I am a little bit confused by Serre and Hurewicz fibrations in the context of pointed spaces, i.e. in $Top_*$.

Serre and Hurewicz fibrations are defined in $Top$, i.e. for non-pointed spaces, as having the RLP for inclusions $i_0 \colon I^n \hookrightarrow I^n \times I$ and $i_0 \colon X \hookrightarrow X \times I$ respectively.

But if I consider now a pointed map $p \colon (E,e_0) \to (B,b_0)$ and a pointed homotopie $H \colon (I^n,\partial I^n) \times I \to (B,b_0)$ for Serre or $H \colon (X,x_0)\times I \to (B,b_0)$ for Hurewicz, and if $p$ is a Serre/Hurewicz fibration in Top, there is no garantee that the lift $\tilde{H}$ is also a pointed homotopy. All we can say is that $\tilde{H}(* \times I) \subset F$ where $F = p^{-1}(b_0)$ is the fiber of $p$. So a priori $p$ is not a Serre/Hurewicz fibration in $Top_*$

Thus it seems that a specific more restrictive notion of Serre/Hurewicz fibration should be used in the context of $Top_*$, as having the RLP in $Top_*$ for the mentionned inclusions, i.e. the lift is should also be a pointed homotopy.

But I have never seen explicitely such a definition in classic books or pdf, although in most theorems involving homotopy groups we are in fact in the $Top_*$ context. Why ?
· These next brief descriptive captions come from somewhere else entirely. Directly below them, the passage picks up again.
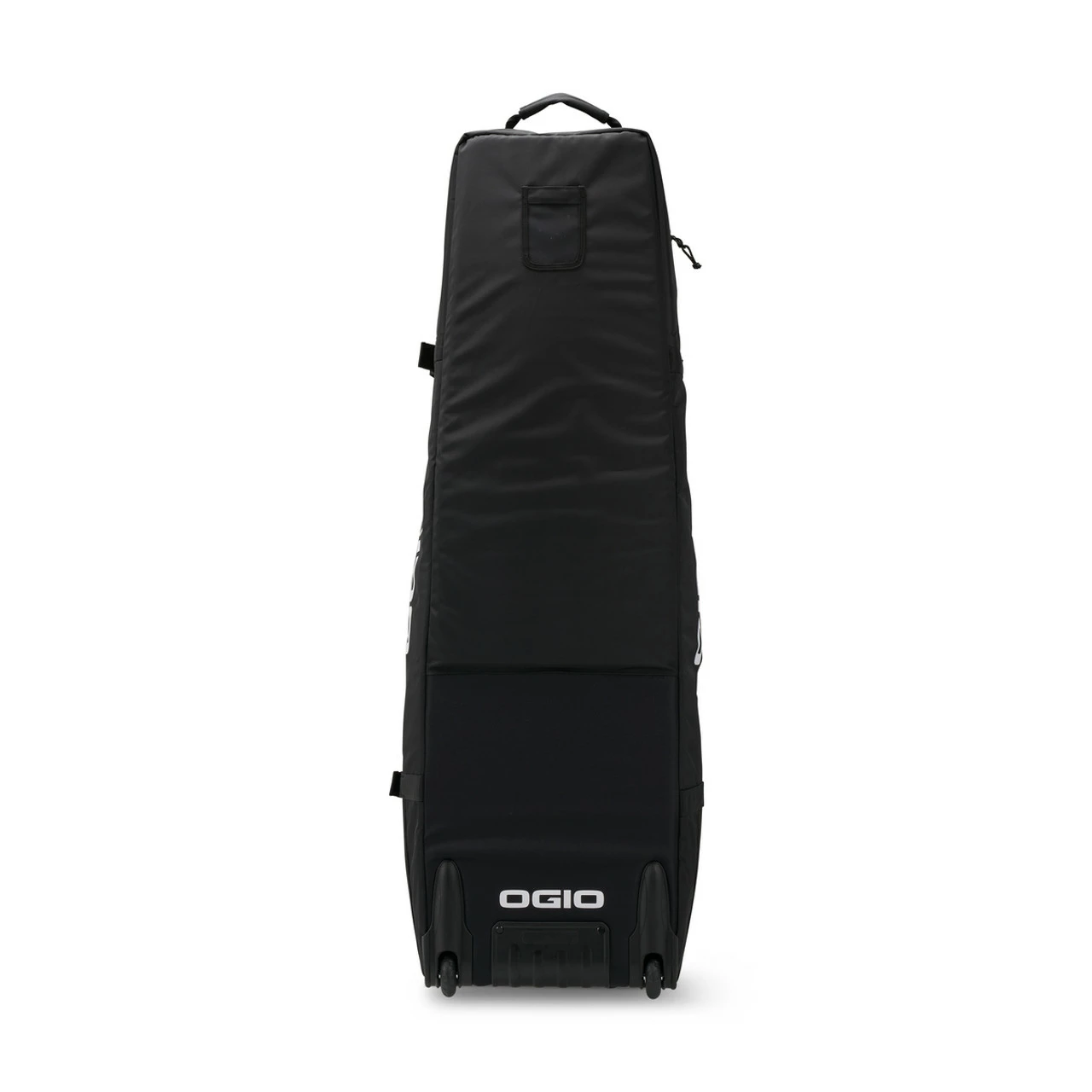 Ogio Golf Ogio Alpha Travel Cover 4 Ogio Golf Ogio Alpha Travel Cover - Image 2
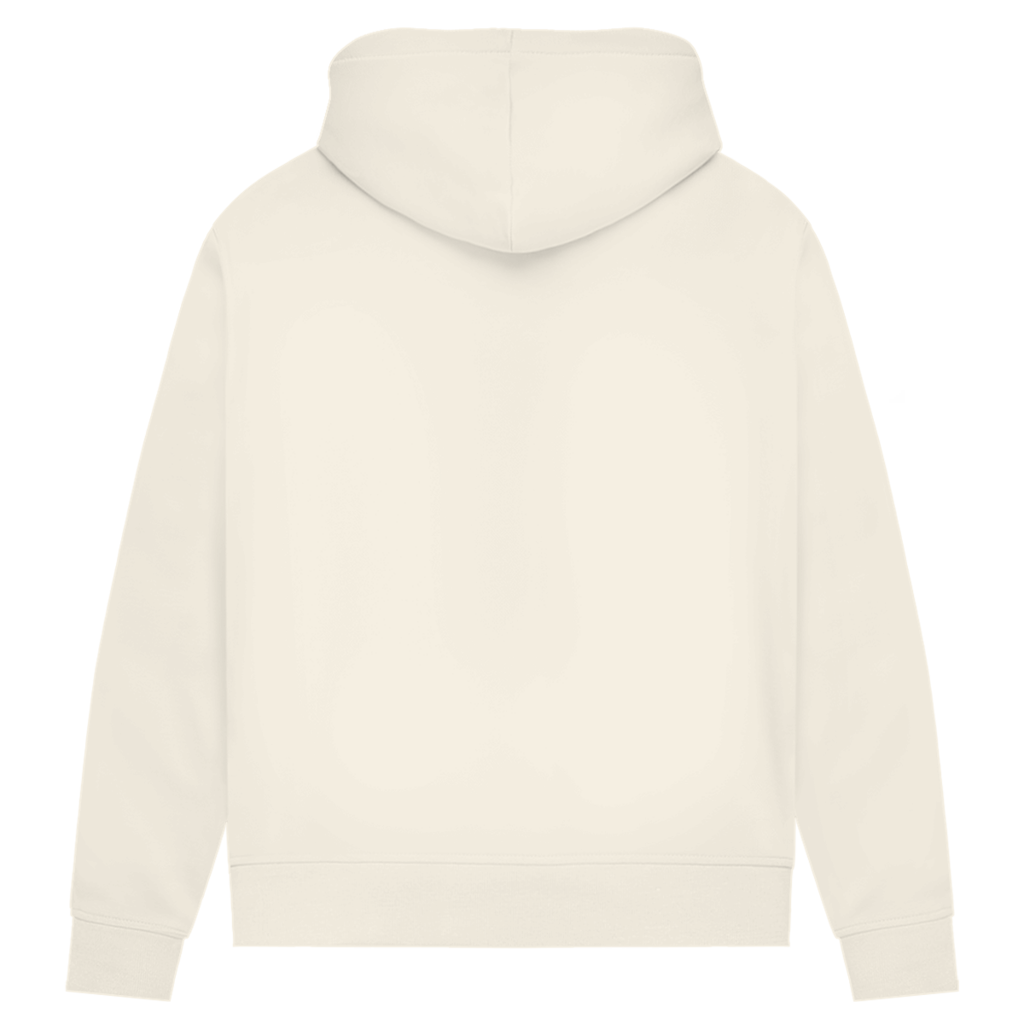 Meditation Damen Hoodie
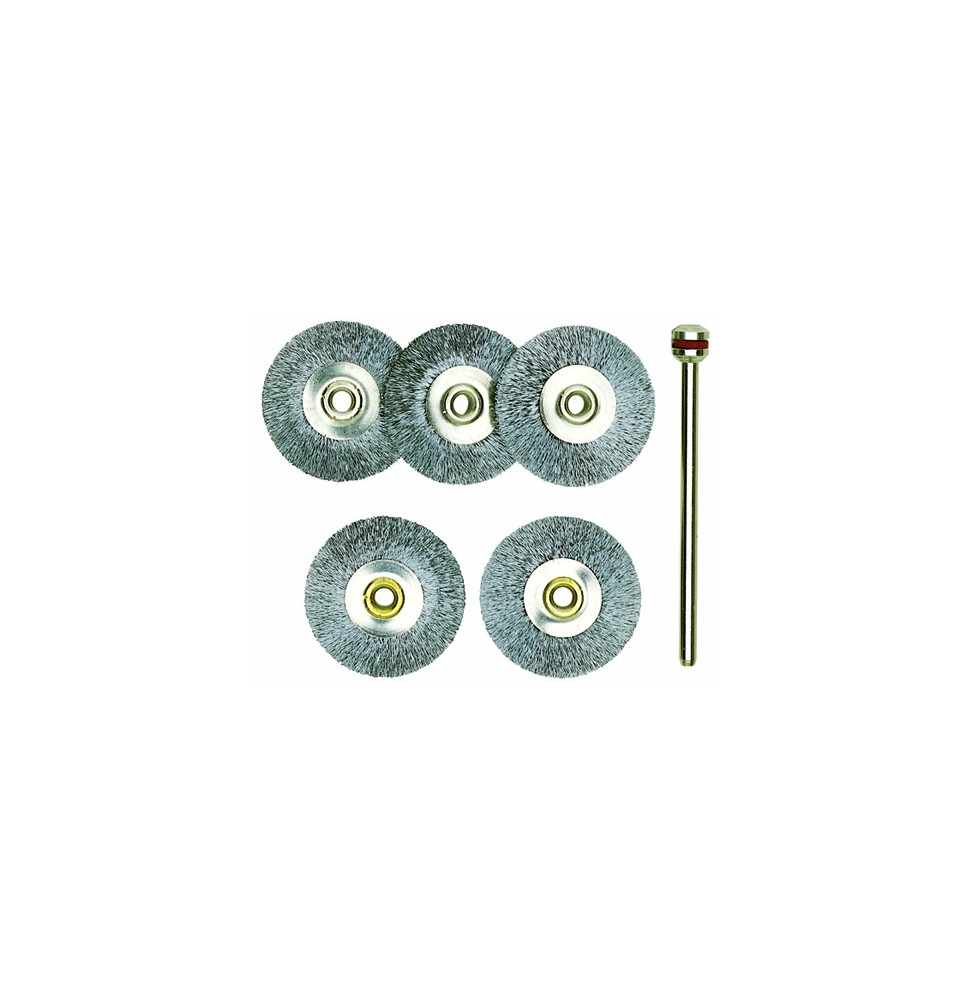 Proxxon 28952 PROXXON PIMLI FIRCA SETI 28952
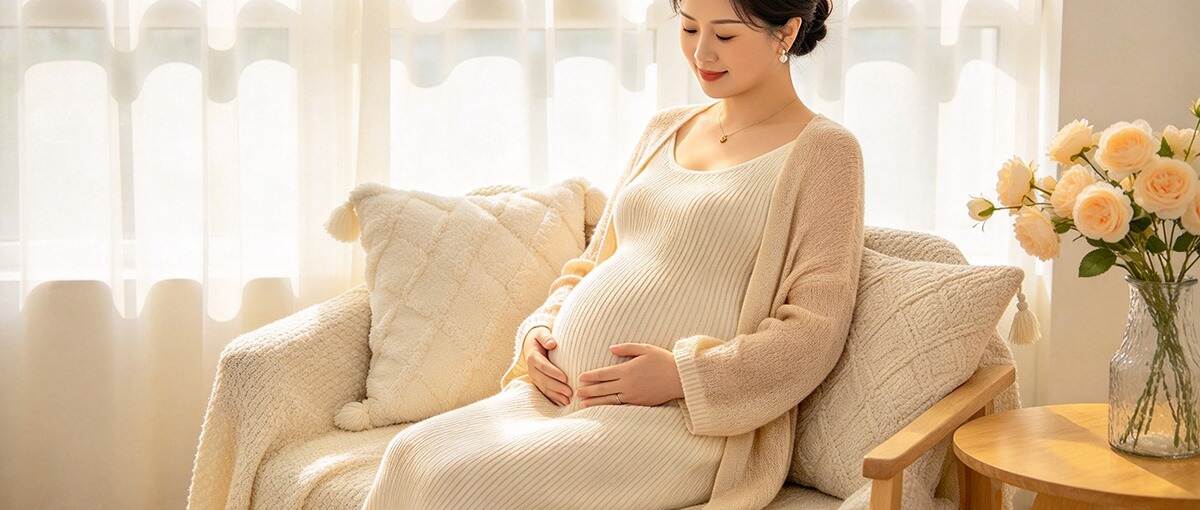 什么是妊娠糖尿病?妊娠糖尿病的病因、症状和治疗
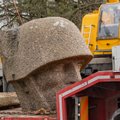 GUUD, BÄÄD JA NÄDALA SÕNA | Punajurakas – kas maastikupildi risustaja või kunst?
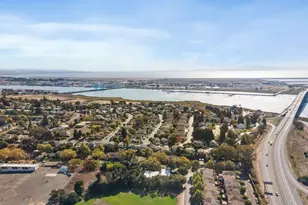 600 Lighthouse Dr, Vallejo, CA 94590 - Photo 46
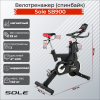 Велотренажер Sole SB900 (2019) купить в Туле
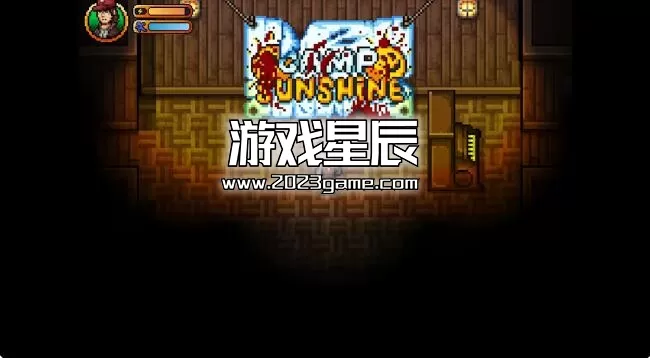 switch《阳光营地（Camp Sunshine）》英文版nsp下载_0
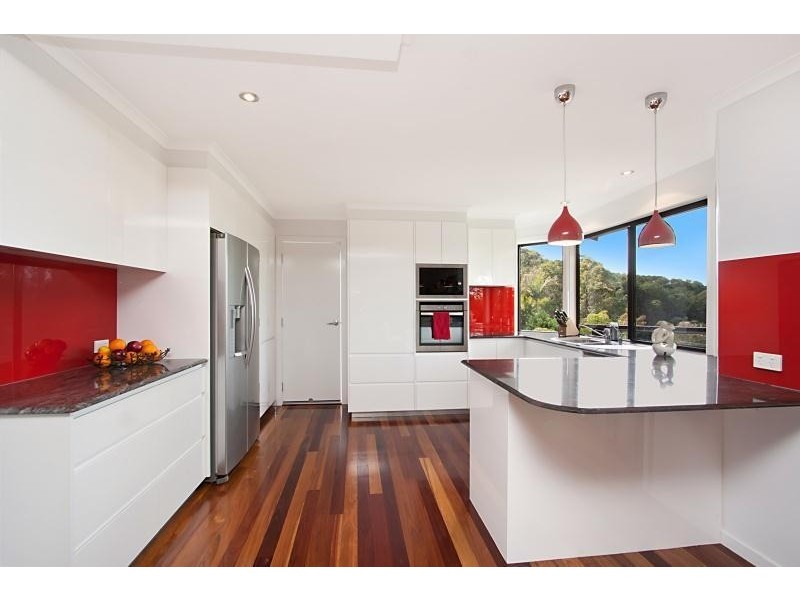 12 Doubleview Drive, Elanora QLD 4221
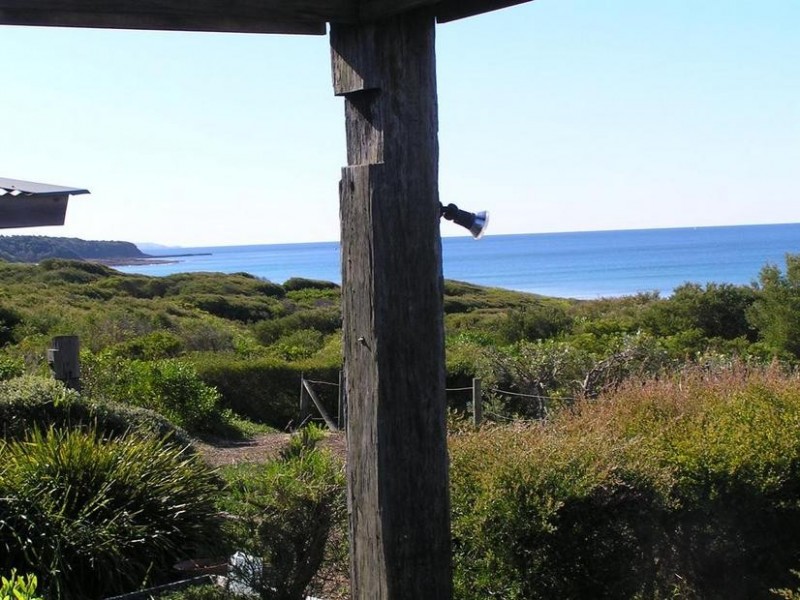 27 The Marina, Culburra Beach NSW 2540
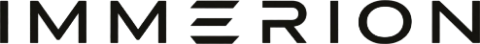 Immerion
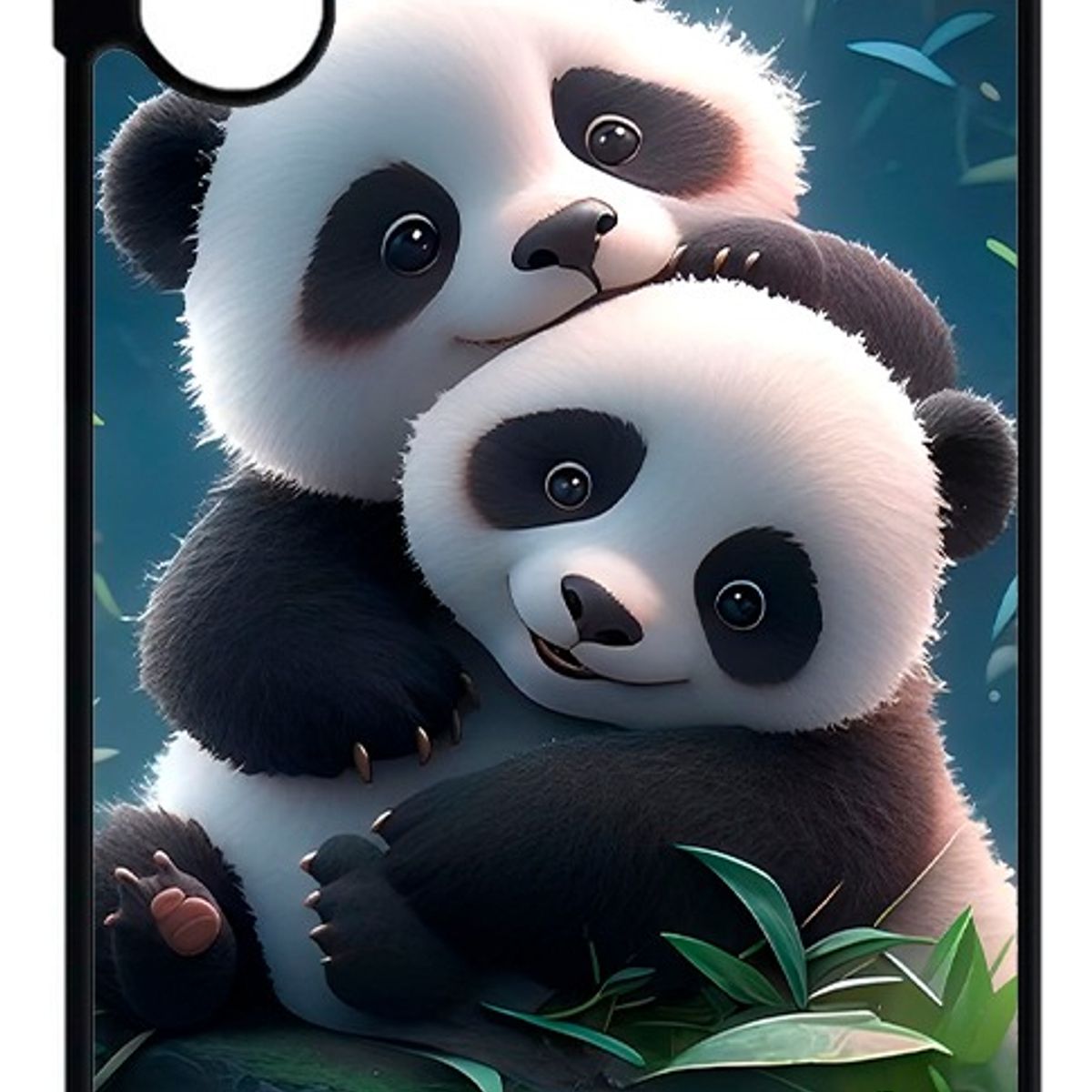 CARCASIA - Carcasa Funda para SAMSUNG A54 Diseño 281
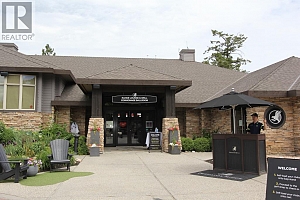 27 Birdie Lake Drive Unit# 4 - Photo 54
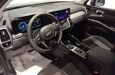 Foto del KIA Sorento 1.6 T-GDi HEV Emotion 4x2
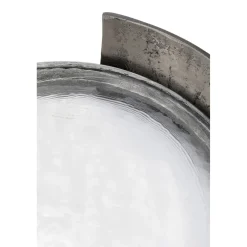 KARE Design Plateaux|Plateau Elio O39Cm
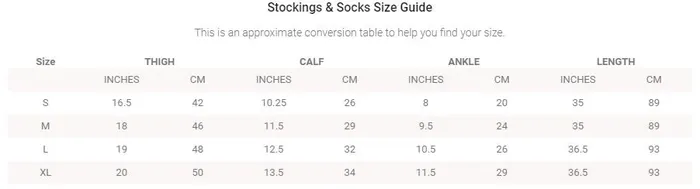 HonourSkintwocom Plus Size Sheer Backseam Stockings Plus Size HonourSkintwocom Plus Size Sheer Backseam Stockings Plus Size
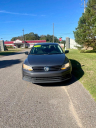 Thumbnail image of 2016 Volkswagen Jetta at CASH AUTO DEALS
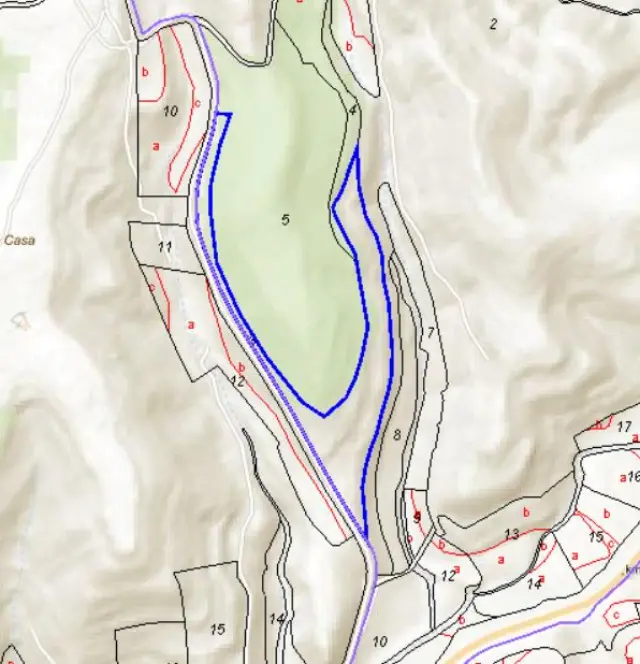 Subasta de otros el 13 de abril de 2026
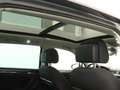 Volkswagen Tiguan 2.0 TSI 4Motion R-Line | 190 PK | Automaat | Trekh Grijs - thumbnail 26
Now it is true that Serre fibration also have the RLP for $i \colon J^n \hookrightarrow I^n \times I$ where $J^n = \partial I^n \times I \cup I^n \times 0$. If there is a commutative square as usual where the initialization is $J^n \mapsto e_0$, then the lift is such that $\tilde{H}(\partial I^n \times I) = e_0$ and $\tilde{H}$ is a pointed homotopy. In this way, a Serre fibration is also a "pointed" Serre fibration. But this does not work for Hurewicz.


This all works as long as the basepoint $x_0$ of $X$ is nondegenerate. The general context for this is due to Arne Strom who showed that the category of topological spaces, with the classic (i.e. Hurewicz) definitions of cofibration and fibration, is a model category. The key theorem goes as follows: Suppose given a commutative square $$(i: A \rightarrow Y) \rightarrow (p: E \rightarrow B),$$ with $i$ a Hurewicz cofibration and $p$ a Hurewicz fibration. If either one is also a homotopy equivalence, there exists a map $Y \rightarrow E$ making the two evident triangles commute (i.e. extending $A\rightarrow E$ and lifting $Y \rightarrow B$).

Now apply this to the case when $Y=X \times I$ and $A = X \times 0 \cup x_0 \times I$. You can check that $A \hookrightarrow Y$ will be a cofibration and a homotopy equivalence if $x_0$ is nondegenerate.

Besides Strom's original papers from 1966 and 1968, a nice very short proof of this general theorem appears at the beginning of section 17 of the book by May and Ponto.